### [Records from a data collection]
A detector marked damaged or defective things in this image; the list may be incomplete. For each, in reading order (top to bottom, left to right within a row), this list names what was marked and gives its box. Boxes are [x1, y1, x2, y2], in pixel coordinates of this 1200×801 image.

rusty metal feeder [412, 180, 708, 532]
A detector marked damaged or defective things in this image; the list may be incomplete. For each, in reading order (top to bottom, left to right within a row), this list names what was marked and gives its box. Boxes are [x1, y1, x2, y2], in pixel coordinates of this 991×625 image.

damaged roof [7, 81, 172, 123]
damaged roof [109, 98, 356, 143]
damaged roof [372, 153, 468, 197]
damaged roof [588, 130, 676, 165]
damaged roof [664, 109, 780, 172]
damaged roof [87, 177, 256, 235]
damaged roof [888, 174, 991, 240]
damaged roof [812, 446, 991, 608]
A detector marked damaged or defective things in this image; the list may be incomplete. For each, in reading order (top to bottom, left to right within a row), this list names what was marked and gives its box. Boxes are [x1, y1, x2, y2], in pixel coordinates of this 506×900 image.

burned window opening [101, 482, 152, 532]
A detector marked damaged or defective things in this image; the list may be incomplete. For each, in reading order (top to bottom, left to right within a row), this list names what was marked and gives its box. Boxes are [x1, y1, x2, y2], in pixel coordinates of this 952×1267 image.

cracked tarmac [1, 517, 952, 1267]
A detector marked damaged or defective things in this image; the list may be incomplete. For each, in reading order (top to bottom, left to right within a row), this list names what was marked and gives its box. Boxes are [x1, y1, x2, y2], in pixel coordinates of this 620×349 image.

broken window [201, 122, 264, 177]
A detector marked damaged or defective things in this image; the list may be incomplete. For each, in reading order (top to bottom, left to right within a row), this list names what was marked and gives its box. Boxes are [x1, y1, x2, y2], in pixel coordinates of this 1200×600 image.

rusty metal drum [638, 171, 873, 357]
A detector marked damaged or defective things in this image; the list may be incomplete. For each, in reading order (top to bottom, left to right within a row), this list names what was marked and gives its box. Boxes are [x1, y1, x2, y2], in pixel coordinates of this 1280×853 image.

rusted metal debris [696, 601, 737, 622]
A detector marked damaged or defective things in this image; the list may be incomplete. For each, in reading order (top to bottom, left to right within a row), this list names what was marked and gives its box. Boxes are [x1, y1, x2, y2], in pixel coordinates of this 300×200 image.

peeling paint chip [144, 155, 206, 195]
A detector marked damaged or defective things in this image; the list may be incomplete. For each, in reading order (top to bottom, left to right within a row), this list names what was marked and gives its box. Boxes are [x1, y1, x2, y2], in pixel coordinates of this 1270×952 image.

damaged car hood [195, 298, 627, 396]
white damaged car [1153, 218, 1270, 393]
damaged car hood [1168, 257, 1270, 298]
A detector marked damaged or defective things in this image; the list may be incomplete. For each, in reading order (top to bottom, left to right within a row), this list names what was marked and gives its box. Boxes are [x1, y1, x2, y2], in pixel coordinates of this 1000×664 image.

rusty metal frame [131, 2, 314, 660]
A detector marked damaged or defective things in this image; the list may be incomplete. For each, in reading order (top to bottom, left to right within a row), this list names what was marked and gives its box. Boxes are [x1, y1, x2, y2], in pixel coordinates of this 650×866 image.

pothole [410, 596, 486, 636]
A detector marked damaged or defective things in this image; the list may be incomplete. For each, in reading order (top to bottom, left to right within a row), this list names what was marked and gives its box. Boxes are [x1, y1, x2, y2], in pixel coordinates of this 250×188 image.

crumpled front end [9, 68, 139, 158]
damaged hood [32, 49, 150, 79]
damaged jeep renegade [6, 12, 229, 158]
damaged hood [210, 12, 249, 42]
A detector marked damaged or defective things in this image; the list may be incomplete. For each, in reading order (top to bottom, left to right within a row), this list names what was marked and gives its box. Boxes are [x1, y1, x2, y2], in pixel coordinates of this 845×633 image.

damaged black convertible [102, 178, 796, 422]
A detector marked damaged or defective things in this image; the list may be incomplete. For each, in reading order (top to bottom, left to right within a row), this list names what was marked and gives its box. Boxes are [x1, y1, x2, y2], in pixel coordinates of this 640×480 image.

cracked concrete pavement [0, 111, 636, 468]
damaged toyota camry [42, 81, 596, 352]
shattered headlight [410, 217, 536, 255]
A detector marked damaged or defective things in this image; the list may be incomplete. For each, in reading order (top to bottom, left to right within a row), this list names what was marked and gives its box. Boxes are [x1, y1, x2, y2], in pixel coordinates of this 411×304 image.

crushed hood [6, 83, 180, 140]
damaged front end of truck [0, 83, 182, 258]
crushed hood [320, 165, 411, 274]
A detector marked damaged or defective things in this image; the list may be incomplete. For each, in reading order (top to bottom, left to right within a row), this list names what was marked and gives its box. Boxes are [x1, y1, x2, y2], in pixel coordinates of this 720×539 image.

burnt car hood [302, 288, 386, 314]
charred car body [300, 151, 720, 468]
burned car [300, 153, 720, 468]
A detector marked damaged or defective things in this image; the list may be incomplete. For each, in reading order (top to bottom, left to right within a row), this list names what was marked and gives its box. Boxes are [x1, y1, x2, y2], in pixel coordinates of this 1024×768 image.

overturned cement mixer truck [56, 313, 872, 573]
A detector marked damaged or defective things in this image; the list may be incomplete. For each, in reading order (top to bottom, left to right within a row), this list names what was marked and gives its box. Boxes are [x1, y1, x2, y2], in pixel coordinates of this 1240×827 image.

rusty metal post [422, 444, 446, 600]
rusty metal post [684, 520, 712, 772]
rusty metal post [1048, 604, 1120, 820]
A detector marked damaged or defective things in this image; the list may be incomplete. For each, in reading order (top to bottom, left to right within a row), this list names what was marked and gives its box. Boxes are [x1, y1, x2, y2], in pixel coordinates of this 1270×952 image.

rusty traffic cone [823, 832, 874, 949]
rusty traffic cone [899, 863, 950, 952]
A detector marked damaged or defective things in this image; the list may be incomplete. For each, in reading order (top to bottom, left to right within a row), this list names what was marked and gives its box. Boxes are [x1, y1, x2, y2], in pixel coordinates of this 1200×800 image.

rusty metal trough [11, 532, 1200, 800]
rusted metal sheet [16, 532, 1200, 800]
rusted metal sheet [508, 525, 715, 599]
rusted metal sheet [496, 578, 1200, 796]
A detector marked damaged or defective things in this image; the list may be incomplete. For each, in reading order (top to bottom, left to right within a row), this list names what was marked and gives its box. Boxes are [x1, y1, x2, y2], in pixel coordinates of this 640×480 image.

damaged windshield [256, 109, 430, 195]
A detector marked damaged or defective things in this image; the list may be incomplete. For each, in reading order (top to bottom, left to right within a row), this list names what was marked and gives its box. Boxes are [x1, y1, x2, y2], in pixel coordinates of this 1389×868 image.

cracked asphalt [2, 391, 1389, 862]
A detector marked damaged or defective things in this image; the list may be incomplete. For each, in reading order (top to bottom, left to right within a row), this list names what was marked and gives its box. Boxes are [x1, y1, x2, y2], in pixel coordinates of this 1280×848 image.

### [YOUR GOAL]
Once you have read the data, copy all of it out exactly.

### [EXERCISE ANSWER]
A detector marked damaged or defective things in this image; the list may be incomplete. For each, in reading order (top to bottom, left to right within a row), this list names what was marked and gives its box. Boxes are [x1, y1, x2, y2], in pixel coordinates of this 1200×801 image.

rusty metal feeder [412, 180, 708, 532]
A detector marked damaged or defective things in this image; the list may be incomplete. For each, in reading order (top to bottom, left to right within a row), this list names what was marked and gives its box. Boxes are [x1, y1, x2, y2], in pixel coordinates of this 991×625 image.

damaged roof [7, 81, 172, 123]
damaged roof [109, 98, 356, 143]
damaged roof [372, 153, 468, 197]
damaged roof [588, 130, 676, 165]
damaged roof [664, 109, 780, 172]
damaged roof [87, 177, 256, 235]
damaged roof [888, 174, 991, 240]
damaged roof [812, 446, 991, 608]
A detector marked damaged or defective things in this image; the list may be incomplete. For each, in reading order (top to bottom, left to right within a row), this list names what was marked and gives its box. Boxes are [x1, y1, x2, y2], in pixel coordinates of this 506×900 image.

burned window opening [101, 482, 152, 532]
A detector marked damaged or defective things in this image; the list may be incomplete. For each, in reading order (top to bottom, left to right within a row), this list names what was marked and gives its box. Boxes are [x1, y1, x2, y2], in pixel coordinates of this 952×1267 image.

cracked tarmac [1, 517, 952, 1267]
A detector marked damaged or defective things in this image; the list may be incomplete. For each, in reading order (top to bottom, left to right within a row), this list names what was marked and gives its box. Boxes are [x1, y1, x2, y2], in pixel coordinates of this 620×349 image.

broken window [201, 122, 264, 177]
A detector marked damaged or defective things in this image; the list may be incomplete. For each, in reading order (top to bottom, left to right within a row), this list names what was marked and gives its box. Boxes are [x1, y1, x2, y2], in pixel coordinates of this 1200×600 image.

rusty metal drum [638, 171, 873, 357]
A detector marked damaged or defective things in this image; the list may be incomplete. For each, in reading order (top to bottom, left to right within a row), this list names what was marked and gives its box. Boxes are [x1, y1, x2, y2], in pixel coordinates of this 1280×853 image.

rusted metal debris [696, 601, 737, 622]
A detector marked damaged or defective things in this image; the list may be incomplete. For each, in reading order (top to bottom, left to right within a row), this list names what was marked and gives its box. Boxes are [x1, y1, x2, y2], in pixel coordinates of this 300×200 image.

peeling paint chip [144, 155, 206, 195]
A detector marked damaged or defective things in this image; the list may be incomplete. For each, in reading order (top to bottom, left to right within a row), this list names what was marked and gives its box. Boxes are [x1, y1, x2, y2], in pixel coordinates of this 1270×952 image.

damaged car hood [195, 298, 627, 396]
white damaged car [1153, 218, 1270, 393]
damaged car hood [1168, 257, 1270, 298]
A detector marked damaged or defective things in this image; the list may be incomplete. For each, in reading order (top to bottom, left to right within a row), this list names what was marked and gives its box. Boxes are [x1, y1, x2, y2], in pixel coordinates of this 1000×664 image.

rusty metal frame [131, 2, 314, 660]
A detector marked damaged or defective things in this image; the list may be incomplete. For each, in reading order (top to bottom, left to right within a row), this list names what was marked and gives its box. Boxes are [x1, y1, x2, y2], in pixel coordinates of this 650×866 image.

pothole [410, 596, 486, 636]
A detector marked damaged or defective things in this image; the list may be incomplete. For each, in reading order (top to bottom, left to right within a row), this list names what was marked and gives its box. Boxes are [x1, y1, x2, y2], in pixel coordinates of this 250×188 image.

crumpled front end [9, 68, 139, 158]
damaged hood [32, 49, 150, 79]
damaged jeep renegade [6, 12, 229, 158]
damaged hood [210, 12, 249, 42]
A detector marked damaged or defective things in this image; the list may be incomplete. For each, in reading order (top to bottom, left to right within a row), this list names what was marked and gives its box. Boxes are [x1, y1, x2, y2], in pixel coordinates of this 845×633 image.

damaged black convertible [102, 178, 796, 422]
A detector marked damaged or defective things in this image; the list may be incomplete. For each, in reading order (top to bottom, left to right within a row), this list names what was marked and gives its box. Boxes are [x1, y1, x2, y2], in pixel coordinates of this 640×480 image.

cracked concrete pavement [0, 111, 636, 468]
damaged toyota camry [42, 81, 596, 352]
shattered headlight [410, 217, 536, 255]
A detector marked damaged or defective things in this image; the list may be incomplete. For each, in reading order (top to bottom, left to right within a row), this list names what was marked and gives its box. Boxes are [x1, y1, x2, y2], in pixel coordinates of this 411×304 image.

crushed hood [6, 83, 180, 140]
damaged front end of truck [0, 83, 182, 258]
crushed hood [320, 165, 411, 274]
A detector marked damaged or defective things in this image; the list may be incomplete. For each, in reading order (top to bottom, left to right within a row), this list names what was marked and gives its box. Boxes are [x1, y1, x2, y2], in pixel coordinates of this 720×539 image.

burnt car hood [302, 288, 386, 314]
charred car body [300, 151, 720, 468]
burned car [300, 153, 720, 468]
A detector marked damaged or defective things in this image; the list may be incomplete. For each, in reading order (top to bottom, left to right within a row), this list names what was marked and gives its box. Boxes are [x1, y1, x2, y2], in pixel coordinates of this 1024×768 image.

overturned cement mixer truck [56, 313, 872, 573]
A detector marked damaged or defective things in this image; the list may be incomplete. For each, in reading order (top to bottom, left to right within a row), this list names what was marked and gives its box. Boxes are [x1, y1, x2, y2], in pixel coordinates of this 1240×827 image.

rusty metal post [422, 444, 446, 600]
rusty metal post [684, 520, 712, 772]
rusty metal post [1048, 604, 1120, 820]
A detector marked damaged or defective things in this image; the list may be incomplete. For each, in reading order (top to bottom, left to right within a row), this list names what was marked and gives its box. Boxes are [x1, y1, x2, y2], in pixel coordinates of this 1270×952 image.

rusty traffic cone [823, 832, 874, 949]
rusty traffic cone [899, 863, 950, 952]
A detector marked damaged or defective things in this image; the list may be incomplete. For each, in reading order (top to bottom, left to right within a row), this list names what was marked and gives its box. Boxes are [x1, y1, x2, y2], in pixel coordinates of this 1200×800 image.

rusty metal trough [11, 532, 1200, 800]
rusted metal sheet [16, 532, 1200, 800]
rusted metal sheet [508, 525, 715, 599]
rusted metal sheet [496, 578, 1200, 796]
A detector marked damaged or defective things in this image; the list may be incomplete. For each, in reading order (top to bottom, left to right within a row), this list names what was marked and gives its box. Boxes are [x1, y1, x2, y2], in pixel coordinates of this 640×480 image.

damaged windshield [256, 109, 430, 195]
A detector marked damaged or defective things in this image; the list may be incomplete. For each, in reading order (top to bottom, left to right within a row), this list names what was marked and gives its box. Boxes are [x1, y1, x2, y2], in pixel coordinates of this 1389×868 image.

cracked asphalt [2, 391, 1389, 862]
A detector marked damaged or defective things in this image; the list may be incomplete. For each, in reading order (top to bottom, left to right within a row), this list names what was marked and gives its box. Boxes are [x1, y1, x2, y2], in pixel coordinates of this 1280×848 image.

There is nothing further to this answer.